:: What you should do ::
Reproduce all the records word for word. Omit images.

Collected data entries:

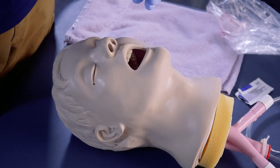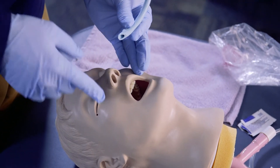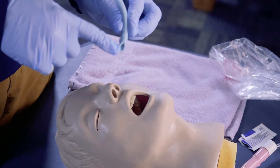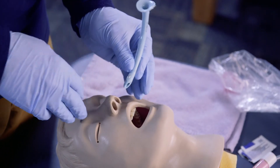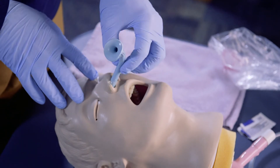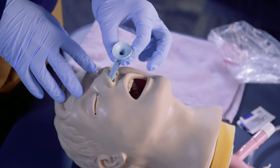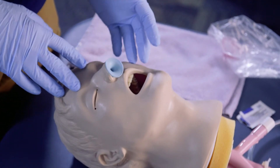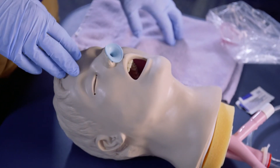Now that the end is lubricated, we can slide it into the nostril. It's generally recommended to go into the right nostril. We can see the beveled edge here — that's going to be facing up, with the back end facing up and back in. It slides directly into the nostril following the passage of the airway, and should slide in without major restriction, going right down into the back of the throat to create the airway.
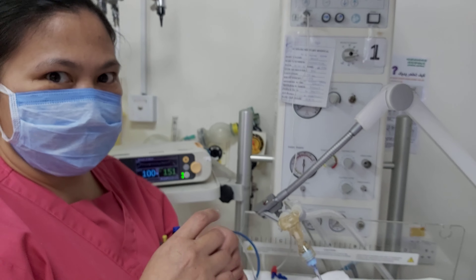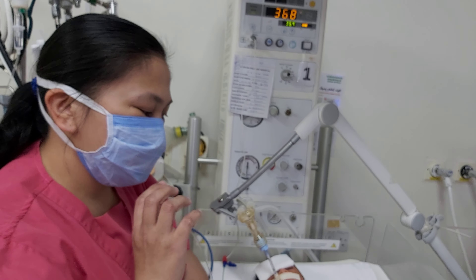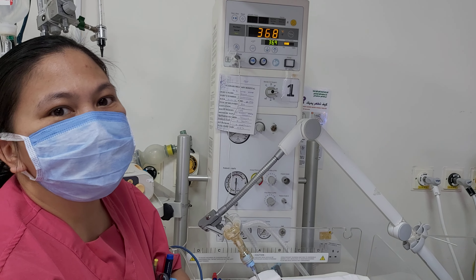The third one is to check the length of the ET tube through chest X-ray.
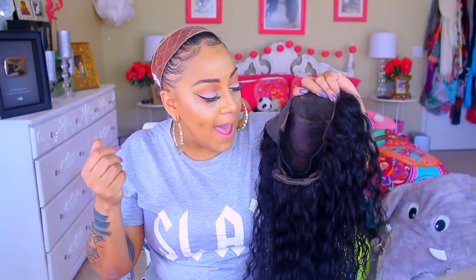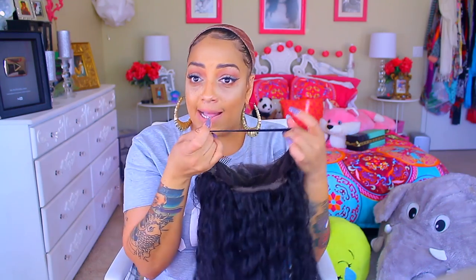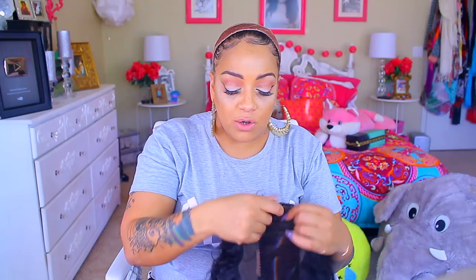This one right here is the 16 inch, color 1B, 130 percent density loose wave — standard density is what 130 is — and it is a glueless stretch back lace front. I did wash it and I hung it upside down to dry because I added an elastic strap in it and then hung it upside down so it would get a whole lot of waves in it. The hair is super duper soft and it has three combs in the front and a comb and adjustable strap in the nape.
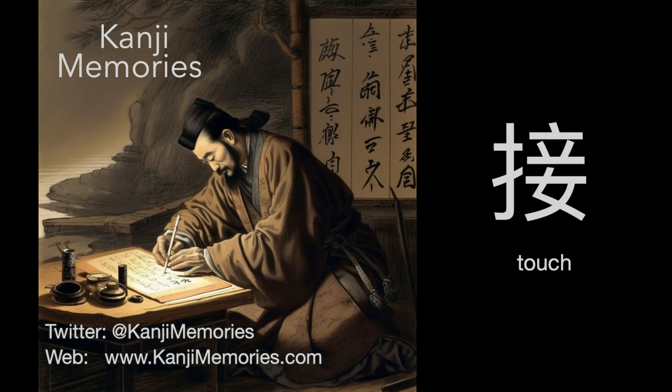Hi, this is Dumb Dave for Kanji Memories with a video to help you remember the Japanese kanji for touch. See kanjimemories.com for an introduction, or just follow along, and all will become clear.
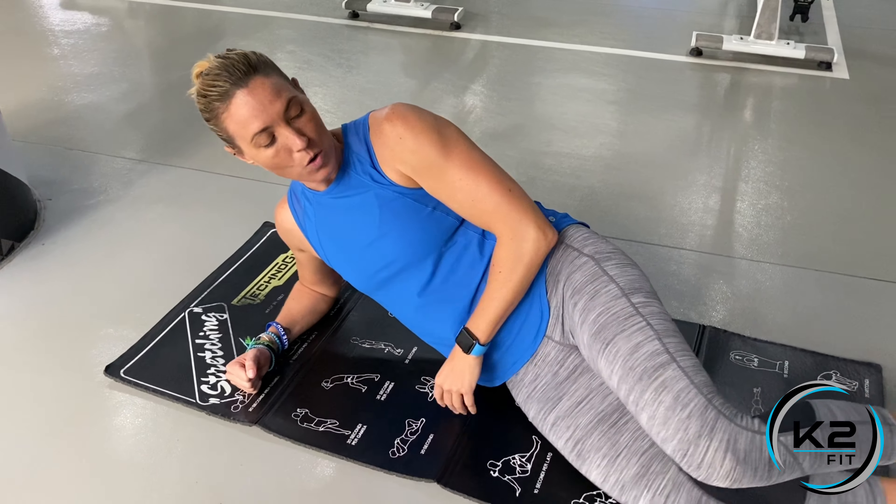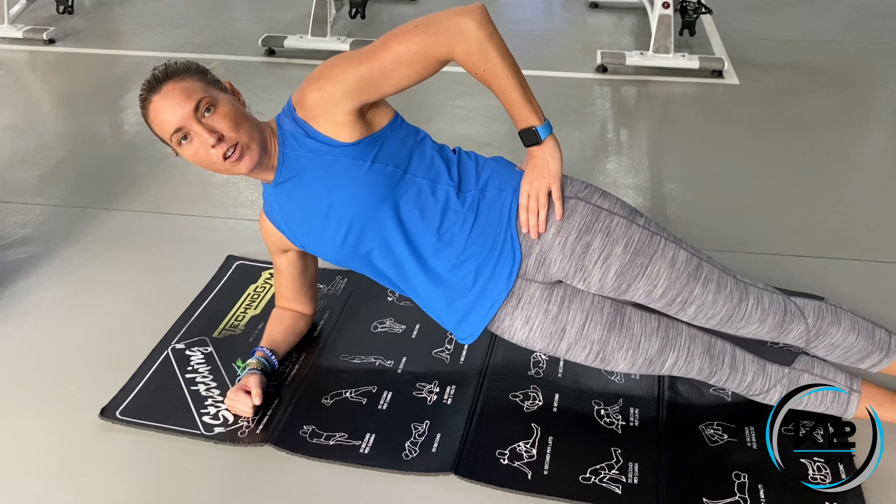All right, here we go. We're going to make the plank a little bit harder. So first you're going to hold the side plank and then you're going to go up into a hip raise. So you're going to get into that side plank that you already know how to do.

:: Expected answer ::
Now that the end is lubricated, we can slide it into the nostril. It's generally recommended to go into the right nostril. We can see the beveled edge here — that's going to be facing up, with the back end facing up and back in. It slides directly into the nostril following the passage of the airway, and should slide in without major restriction, going right down into the back of the throat to create the airway.
The third one is to check the length of the ET tube through chest X-ray.
This one right here is the 16 inch, color 1B, 130 percent density loose wave — standard density is what 130 is — and it is a glueless stretch back lace front. I did wash it and I hung it upside down to dry because I added an elastic strap in it and then hung it upside down so it would get a whole lot of waves in it. The hair is super duper soft and it has three combs in the front and a comb and adjustable strap in the nape.
Hi, this is Dumb Dave for Kanji Memories with a video to help you remember the Japanese kanji for touch. See kanjimemories.com for an introduction, or just follow along, and all will become clear.
All right, here we go. We're going to make the plank a little bit harder. So first you're going to hold the side plank and then you're going to go up into a hip raise. So you're going to get into that side plank that you already know how to do.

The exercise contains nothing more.